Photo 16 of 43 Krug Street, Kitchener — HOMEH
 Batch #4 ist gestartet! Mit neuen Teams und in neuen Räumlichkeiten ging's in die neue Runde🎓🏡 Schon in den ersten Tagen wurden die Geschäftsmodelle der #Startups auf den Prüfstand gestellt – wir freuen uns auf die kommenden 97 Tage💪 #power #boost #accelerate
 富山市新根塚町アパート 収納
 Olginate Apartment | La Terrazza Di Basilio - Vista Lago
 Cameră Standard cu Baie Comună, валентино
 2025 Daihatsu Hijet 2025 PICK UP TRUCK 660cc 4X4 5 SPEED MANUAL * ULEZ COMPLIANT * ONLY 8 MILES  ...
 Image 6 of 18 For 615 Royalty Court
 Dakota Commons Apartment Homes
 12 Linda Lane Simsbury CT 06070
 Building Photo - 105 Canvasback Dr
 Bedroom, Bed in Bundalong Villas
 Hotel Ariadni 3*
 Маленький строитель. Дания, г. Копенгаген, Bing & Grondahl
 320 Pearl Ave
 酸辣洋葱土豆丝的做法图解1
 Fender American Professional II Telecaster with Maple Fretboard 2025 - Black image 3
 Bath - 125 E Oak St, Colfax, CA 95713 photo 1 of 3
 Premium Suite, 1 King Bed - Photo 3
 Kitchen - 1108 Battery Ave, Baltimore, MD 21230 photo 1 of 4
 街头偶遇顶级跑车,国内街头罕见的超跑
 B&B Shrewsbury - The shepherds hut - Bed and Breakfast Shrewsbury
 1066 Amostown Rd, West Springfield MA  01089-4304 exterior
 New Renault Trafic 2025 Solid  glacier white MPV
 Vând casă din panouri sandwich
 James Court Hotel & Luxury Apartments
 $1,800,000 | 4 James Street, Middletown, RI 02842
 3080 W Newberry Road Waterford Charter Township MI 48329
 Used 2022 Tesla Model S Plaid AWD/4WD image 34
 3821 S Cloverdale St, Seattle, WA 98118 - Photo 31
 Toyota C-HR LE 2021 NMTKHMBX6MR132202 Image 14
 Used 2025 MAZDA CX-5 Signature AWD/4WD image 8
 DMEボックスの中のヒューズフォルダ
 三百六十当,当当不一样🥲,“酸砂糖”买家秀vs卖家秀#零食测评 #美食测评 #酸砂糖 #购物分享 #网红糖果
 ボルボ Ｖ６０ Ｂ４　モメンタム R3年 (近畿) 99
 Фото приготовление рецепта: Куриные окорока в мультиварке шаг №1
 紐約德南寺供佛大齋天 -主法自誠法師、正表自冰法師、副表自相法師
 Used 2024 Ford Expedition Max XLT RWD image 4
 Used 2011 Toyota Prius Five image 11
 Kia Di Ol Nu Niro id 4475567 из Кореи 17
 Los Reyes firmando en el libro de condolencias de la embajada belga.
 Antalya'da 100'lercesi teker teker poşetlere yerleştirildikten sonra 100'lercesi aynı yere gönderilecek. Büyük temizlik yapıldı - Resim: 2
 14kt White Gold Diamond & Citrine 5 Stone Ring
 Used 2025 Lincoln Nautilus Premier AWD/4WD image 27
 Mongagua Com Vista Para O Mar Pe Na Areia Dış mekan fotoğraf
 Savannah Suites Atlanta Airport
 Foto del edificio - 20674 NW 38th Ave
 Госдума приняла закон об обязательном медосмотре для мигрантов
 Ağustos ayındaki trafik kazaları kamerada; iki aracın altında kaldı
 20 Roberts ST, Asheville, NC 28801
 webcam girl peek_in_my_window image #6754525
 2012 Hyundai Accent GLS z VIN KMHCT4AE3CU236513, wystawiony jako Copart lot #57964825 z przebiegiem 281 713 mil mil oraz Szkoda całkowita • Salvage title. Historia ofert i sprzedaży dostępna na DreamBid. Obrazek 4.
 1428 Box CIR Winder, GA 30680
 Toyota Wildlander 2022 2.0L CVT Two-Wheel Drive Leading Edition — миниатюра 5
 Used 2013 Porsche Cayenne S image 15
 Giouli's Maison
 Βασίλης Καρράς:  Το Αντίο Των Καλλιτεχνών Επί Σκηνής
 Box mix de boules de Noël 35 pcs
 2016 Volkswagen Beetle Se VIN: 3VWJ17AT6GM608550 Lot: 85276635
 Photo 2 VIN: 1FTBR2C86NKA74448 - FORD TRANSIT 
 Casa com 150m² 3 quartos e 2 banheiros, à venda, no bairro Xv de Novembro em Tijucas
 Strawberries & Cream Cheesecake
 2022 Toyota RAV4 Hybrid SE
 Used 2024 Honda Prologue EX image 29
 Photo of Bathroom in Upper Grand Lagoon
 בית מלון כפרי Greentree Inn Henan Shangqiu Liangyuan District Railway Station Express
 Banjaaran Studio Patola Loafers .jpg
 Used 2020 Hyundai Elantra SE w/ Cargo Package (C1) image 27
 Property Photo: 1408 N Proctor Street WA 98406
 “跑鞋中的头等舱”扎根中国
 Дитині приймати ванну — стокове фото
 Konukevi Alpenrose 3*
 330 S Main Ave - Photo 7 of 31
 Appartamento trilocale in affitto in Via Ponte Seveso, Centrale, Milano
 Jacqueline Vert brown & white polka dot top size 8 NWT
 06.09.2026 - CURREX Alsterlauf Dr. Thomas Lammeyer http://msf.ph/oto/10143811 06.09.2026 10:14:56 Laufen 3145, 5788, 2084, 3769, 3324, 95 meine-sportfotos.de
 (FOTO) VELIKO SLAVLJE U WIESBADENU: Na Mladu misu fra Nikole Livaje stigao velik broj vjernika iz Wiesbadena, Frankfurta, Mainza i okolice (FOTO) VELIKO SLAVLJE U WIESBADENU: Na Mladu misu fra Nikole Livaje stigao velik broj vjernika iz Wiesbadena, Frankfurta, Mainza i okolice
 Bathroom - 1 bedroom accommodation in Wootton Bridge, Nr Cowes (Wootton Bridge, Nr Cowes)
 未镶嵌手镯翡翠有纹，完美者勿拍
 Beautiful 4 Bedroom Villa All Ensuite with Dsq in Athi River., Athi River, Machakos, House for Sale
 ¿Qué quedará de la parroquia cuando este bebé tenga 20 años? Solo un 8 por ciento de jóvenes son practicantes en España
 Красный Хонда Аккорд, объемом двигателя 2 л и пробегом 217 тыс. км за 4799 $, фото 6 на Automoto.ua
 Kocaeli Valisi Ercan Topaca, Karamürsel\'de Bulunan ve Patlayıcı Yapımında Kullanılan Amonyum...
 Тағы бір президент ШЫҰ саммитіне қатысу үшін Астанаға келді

--*--

Problem statement =
Count each line of the listing above that holds the string "Hyundai", and state that count without anything added.

Result of this exercise =
2